European Union civilian power
Equally radical was the idea that the EU was not about military defence. It always portrayed itself as a civilian power lacking territorial ambitions and military capabilities. Its sights were on removing barriers within the group. The roots of the single market and freedom of movement run that deep. Providing defence support to Ukraine is a watershed moment.
However, the Soviet Union and Russia have historically seen the EU as a threat to totalitarian or communist ways of governance. Therefore, when Poland, Czechoslovakia, Romania, Hungary, Bulgaria, and the disintegrating former Yugoslavia clamoured to join the EU, former Soviet and Russian leaders interpreted this as rejection of their way of life. It was and is.
The rejection is not simply political. Blind ‘loyalty’ to the leader can’t be magicked up and sustained if freedoms others enjoy are not on offer and realised. And while alternative lifestyles aren’t military threats, such aspirations are seen as posing an existential threat that governments can’t readily control. Cuts to freedom are a sign that the governments have already lost the battle where their own people are concerned. The people’s hearts and minds are not theirs for taking.
The lesson of Ukraine
Inside the EU, there has been much soul-searching about sustaining European values and opening democratic participation to all. This is exemplified by the Conference on the Future of Europe that seeks inputs from ordinary citizens as the EU looks forward to reforming how it works to accommodate the desires of rising generations.
So when Ukraine proclaimed that it shares EU values, it shook our complacency and reminded us how freedom matters. Freedom of expression, freedom to move around Europe freely, to share and to give voice to new ideas and to treat each other with mutual respect are more than ideals. They are central to our way of life. And even in 2022, they are profoundly radical and subversive.
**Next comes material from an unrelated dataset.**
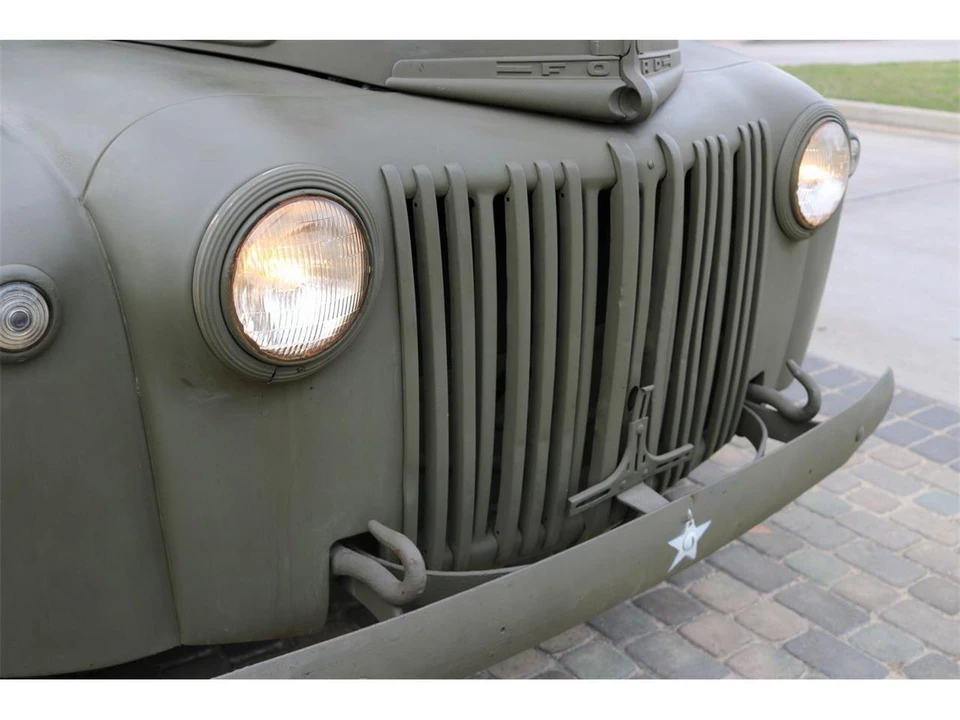 1942 Ford Pickup (1940-1947) - Image 11 of 31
When President Zelensky gave notice of applying for full membership of the EU, and people within the EU responded with humanitarian aid and started campaigning for EU citizenship to be granted to Ukrainians fleeing war, we were reminded of just how radical and subversive of nationalism the European idea is. People embody the values tyrants most fear.
“Prove that you are Europeans – then light will win over darkness”
President Zelensky to European Parliament 1 March 2022
Generations have learned that European integration is a peace process to take for granted until faced with external threats or worse the Russian special ops designed to undo the EU and destabilise the West. Since 1945, academics and leaders advised that faced with an external threat, integrating states would pull together. They underestimated the other element in the equation: people power. The most radical sanction against Russia now would be to grant EU citizenship to Ukrainian citizens, and unilaterally restore it to Brits. Offering it to fleeing Russians is also under consideration.
As Ukraine reminds us, our values transcend anachronistic borders. Is now the time when the peoples’ voices are heard and change is realised together?